What the task requires
The task for the listing below is to write out exactly the lines starting at the one containing "21.06.2026 - Viking" and ending at the one containing "Bracciale artigianale con", both included. Pictures are to be omitted.

--- Raw data Enclosed Below ---

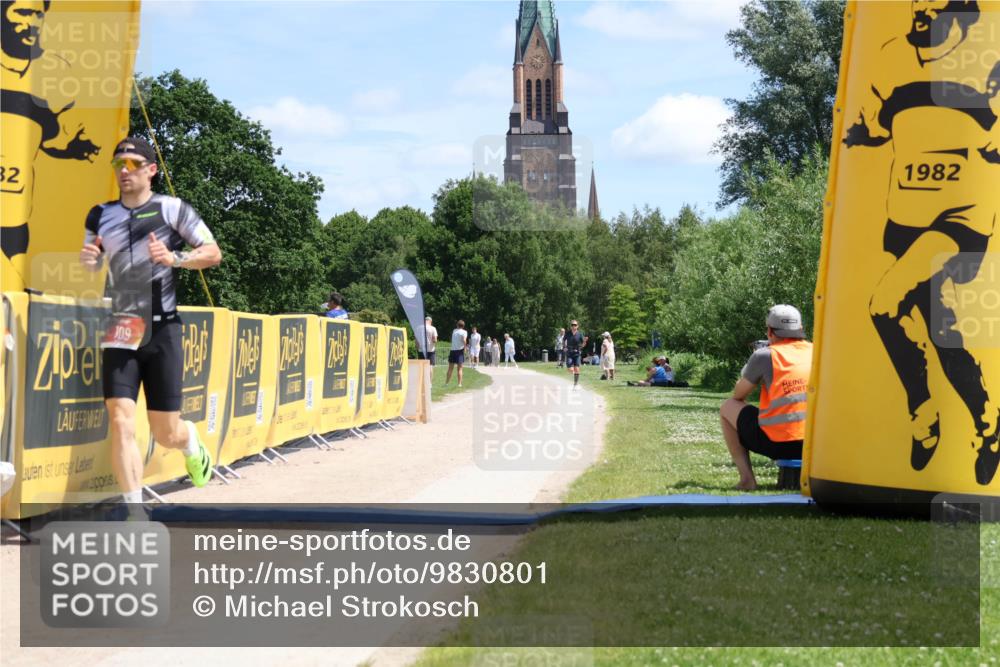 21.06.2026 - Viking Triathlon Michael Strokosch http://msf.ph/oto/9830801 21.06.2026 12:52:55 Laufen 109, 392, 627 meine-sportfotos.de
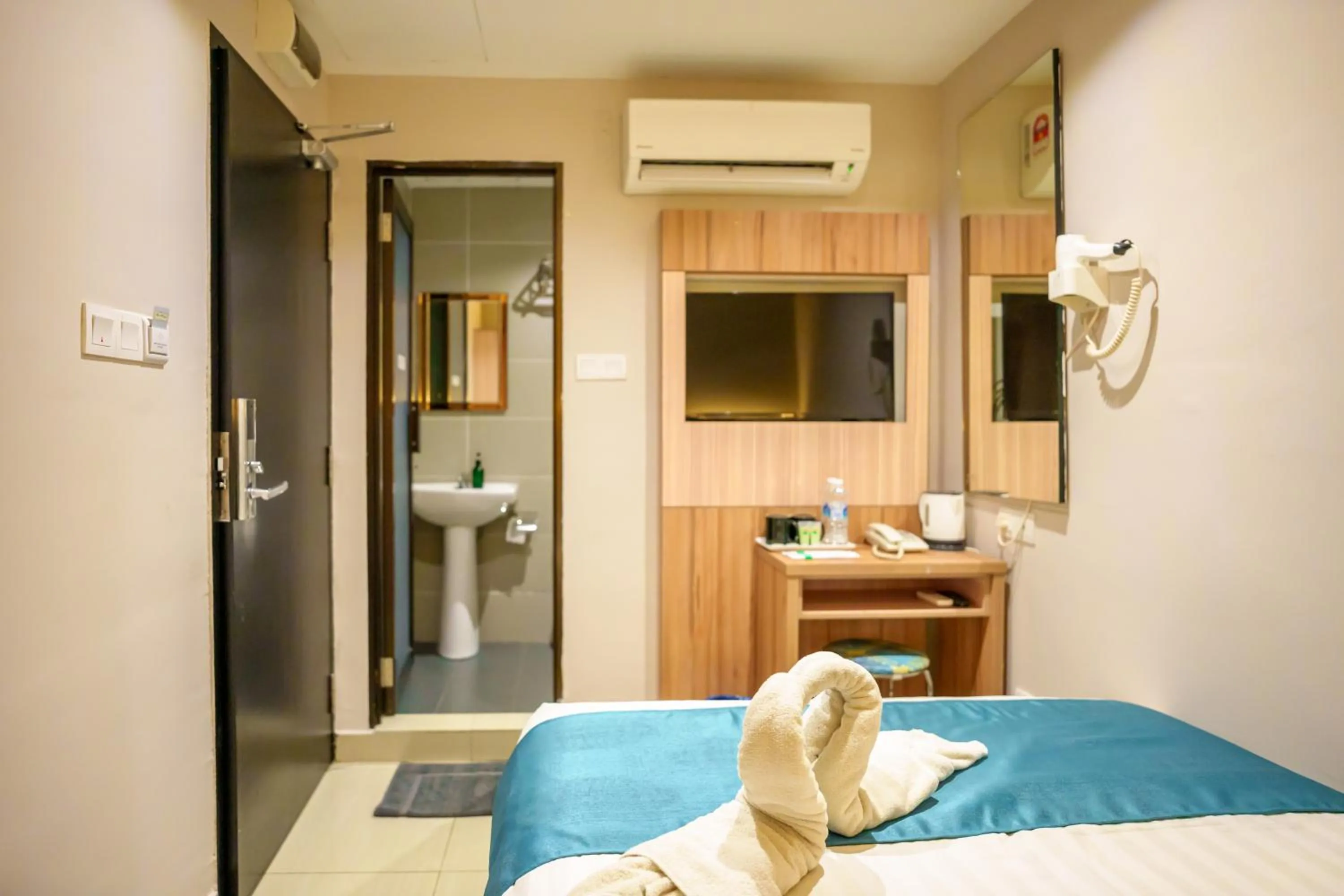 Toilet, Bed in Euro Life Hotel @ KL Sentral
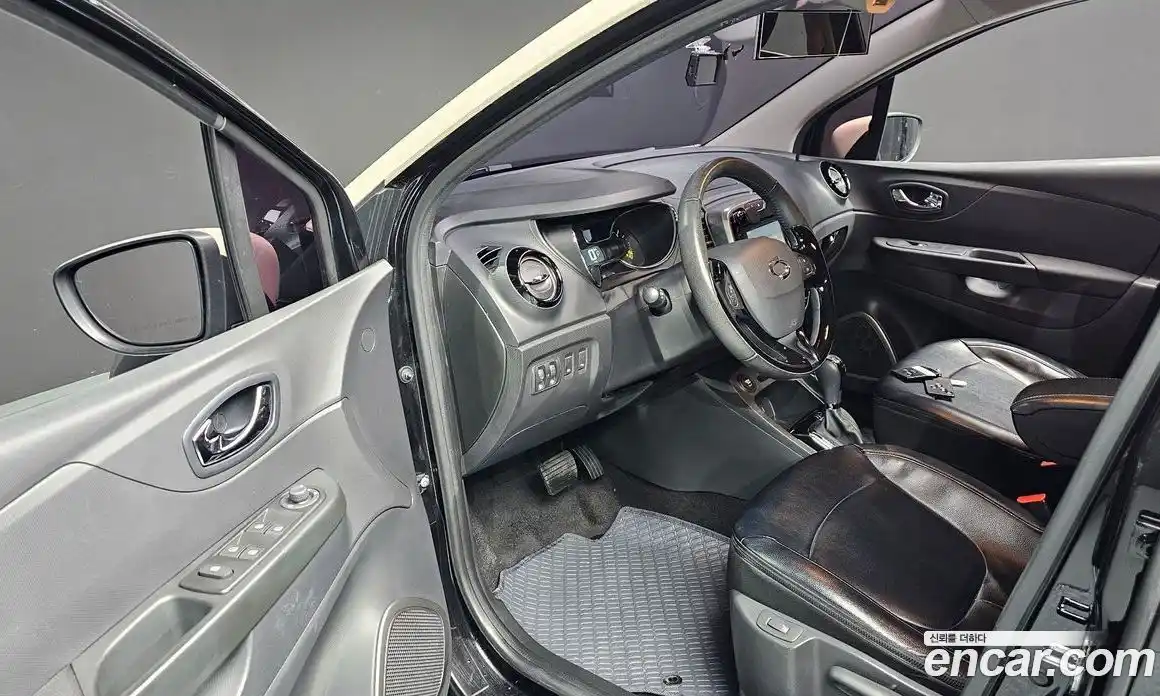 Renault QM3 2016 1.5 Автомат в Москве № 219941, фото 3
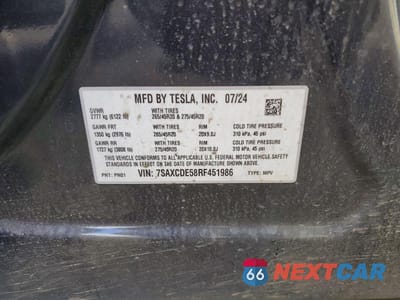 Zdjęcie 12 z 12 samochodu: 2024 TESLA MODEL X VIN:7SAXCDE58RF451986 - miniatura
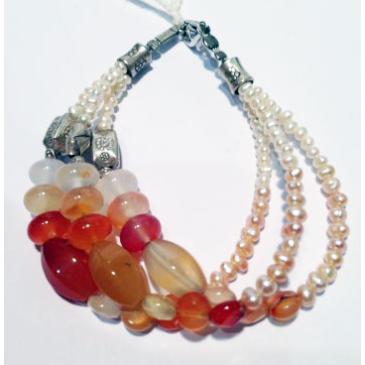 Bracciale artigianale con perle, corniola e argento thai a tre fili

--- End of Enclosed Raw data ---
--- Raw data Enclosed Below ---

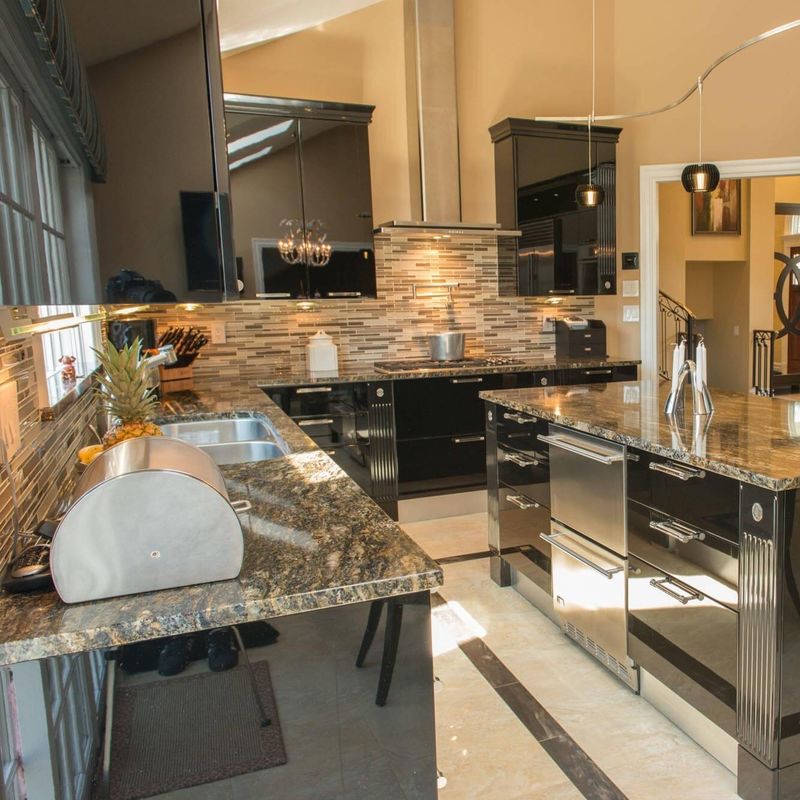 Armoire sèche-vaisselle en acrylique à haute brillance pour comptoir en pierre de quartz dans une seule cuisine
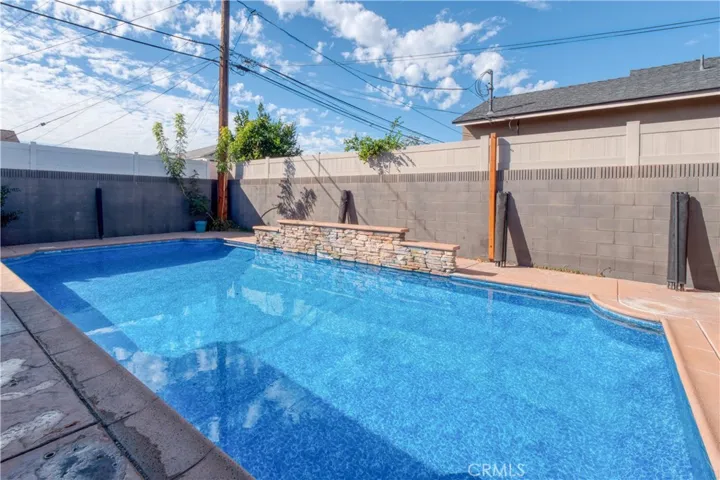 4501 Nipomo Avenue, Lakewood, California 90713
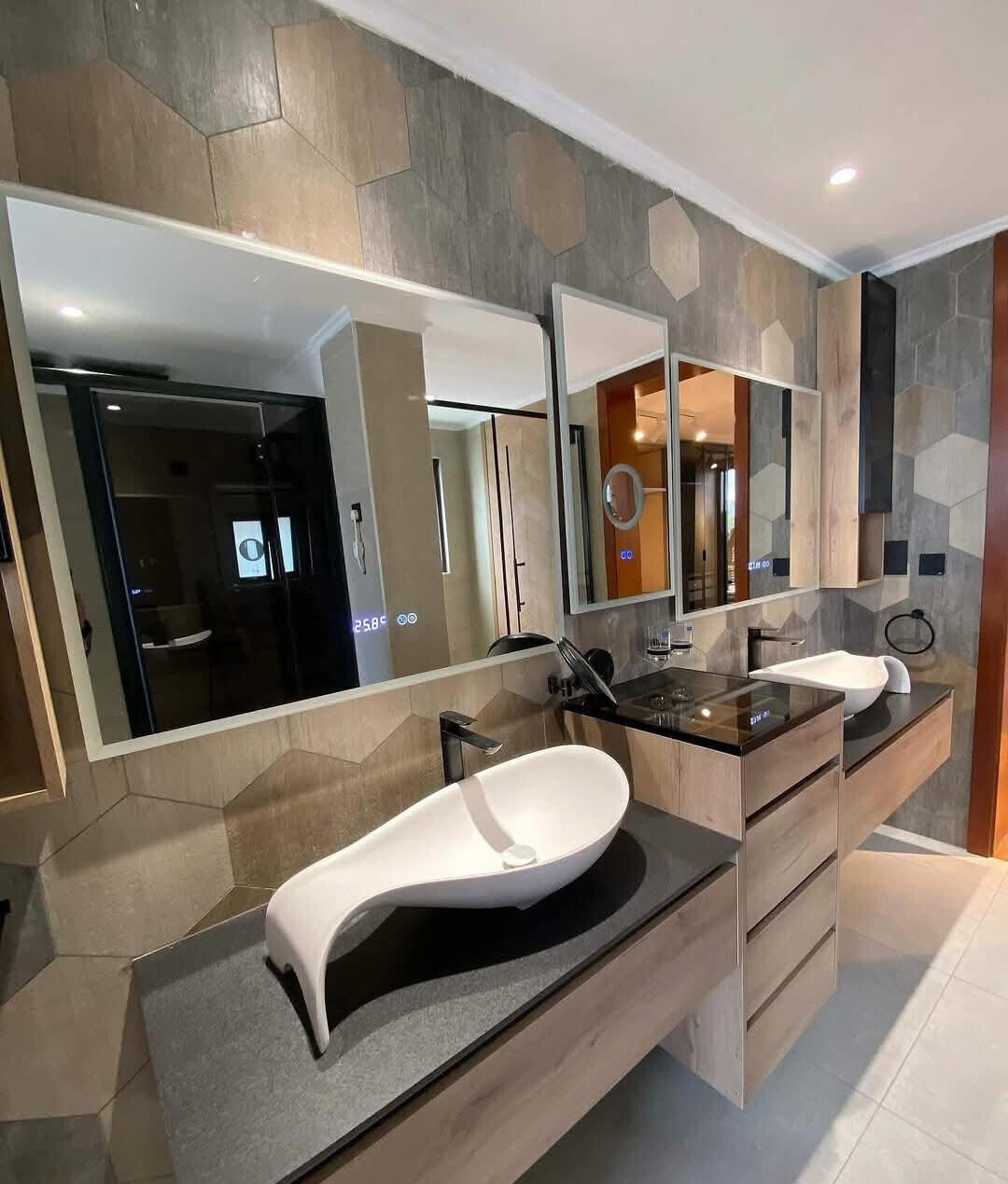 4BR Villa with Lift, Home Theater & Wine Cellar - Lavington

--- End of Enclosed Raw data ---

Task result
 21.06.2026 - Viking Triathlon Michael Strokosch http://msf.ph/oto/9830801 21.06.2026 12:52:55 Laufen 109, 392, 627 meine-sportfotos.de
 Toilet, Bed in Euro Life Hotel @ KL Sentral
 Renault QM3 2016 1.5 Автомат в Москве № 219941, фото 3
 Zdjęcie 12 z 12 samochodu: 2024 TESLA MODEL X VIN:7SAXCDE58RF451986 - miniatura
 Bracciale artigianale con perle, corniola e argento thai a tre fili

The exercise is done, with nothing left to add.